= Maniple (military unit) =

Tactical unit of the Roman Republic

Maniple (manipulus; lit. 'a handful [of soldiers]') was a tactical unit of the Roman Republican armies, adopted during the Samnite Wars (343–290 BC). It was also the name of the military insignia carried by such units.

Maniple members, called commanipulares (: commanipularis) were seen as each other's brothers-in-arms, but without the domestic closeness of the eight-man contubernium.

Cohorts replaced maniples as organisational units.

==History==
The manipular system was adopted around 315 BC, during the Second Samnite War. The rugged terrain of Samnium, where the war was fought, was not conducive to the phalanx formation which the Romans had inherited from the Etruscans and Ancient Greeks. The main battle troops of the Etruscans and Latins of this period comprised Greek-style hoplite phalanxes, inherited from the original Greek phalanx military unit.

After suffering a series of defeats, culminating in the surrender of the entire army without resistance at Caudine Forks, the Romans abandoned the phalanx altogether, adopting the more flexible manipular system, famously referred to as "a phalanx with joints".

The manipular system was faded from ancient sources and was replaced by the cohort unit.

==Structure==

Polybius first described the maniple in the mid-2nd century BC. The manipular legion was organized into four lines, starting at the front: the velites; the hastati; the principes; and the triarii. These were divided by experience, with the younger soldiers at the front lines and the older soldiers near the back. One theory proposed by J. E. Lendon asserts that this order was adapted to the Roman culture of bravery, allowing an initial show of individual heroics among the younger soldiers.

At the front of the legion organized into maniples, the velites formed a swarm of soldiers which engaged the enemy at the start of the battle. Their duties involved skirmishing, and they often worked closely with the cavalry.

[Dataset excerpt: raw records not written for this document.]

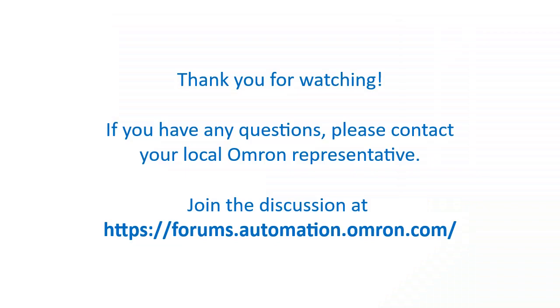We hope that this video has given you a good introduction to creating your first GUI using the PowerPMAC PDK. If you have any questions, please feel free to contact your local Omron representative. Thank you.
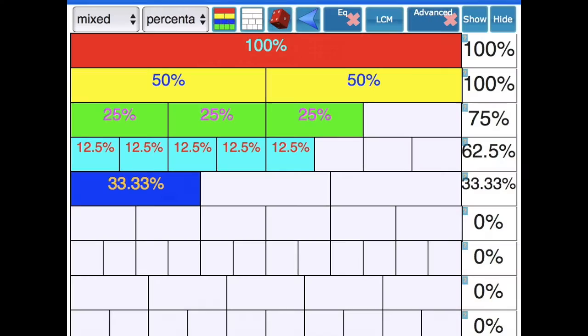Remember that fraction wall I talked about earlier? Well, you can change it to show decimals or percentages as well. It's really worth a look.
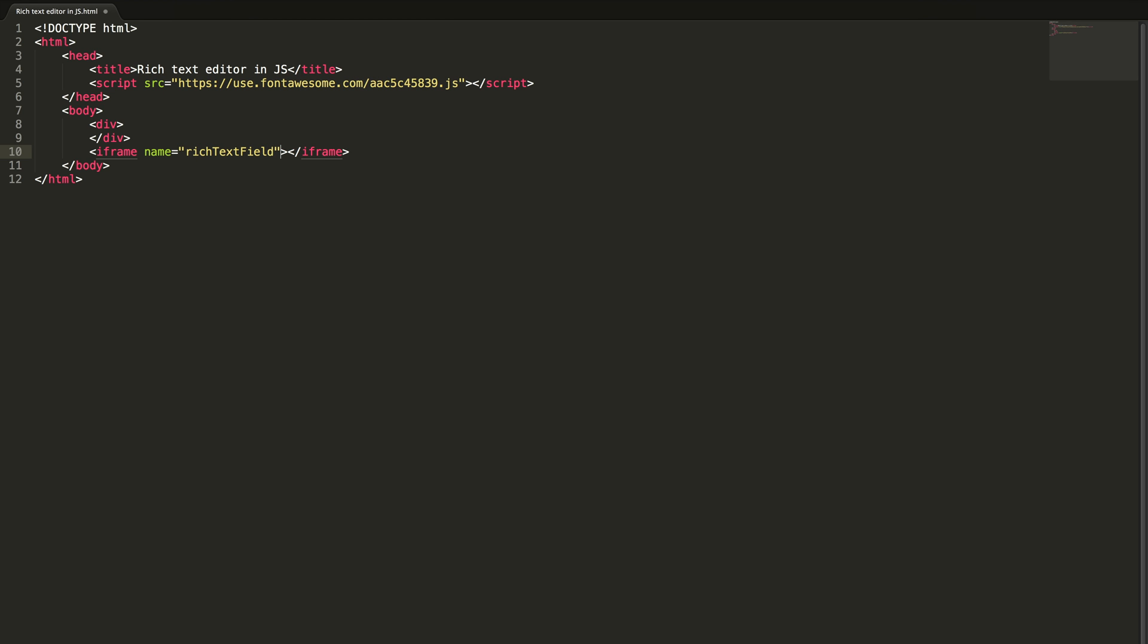Let me give some name here, rich text field. This is going to act as a rich text field and style with a thousand pixel width and 500 pixels height.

Next, the hastati were the youngest and least experienced soldiers, and therefore fought on the front-lines. They formed the first line of heavy infantry. The principes were more experienced soldiers who stood behind the hastati in battle. Finally, the triarii were the veteran soldiers with the most experience.

The second and third echelon generally formed with a one maniple space between each maniple and its neighbours. Retreating troops of the velites could withdraw without disrupting those behind them. Where resistance was strong the hastati would dissolve back through the Roman line, allowing the more experienced soldiers in the principes to fight. In turn, the principes could then yield to the hardened triarii, if necessary. At this point in battle, the maniple greatly resembled the phalanx. Apart from allowing retreat, these gaps also proved invaluable against enemy phalanxes and provided the Romans with a major tactical advantage against their Greek foes. In order to maintain its wall of spears, the phalanx required rigid battle lines, which could not easily break into smaller units. Gaps in the maniples thus lured hoplites in and disrupted their formation, after which they became disorganized, surrounded, and easy prey for Roman swords.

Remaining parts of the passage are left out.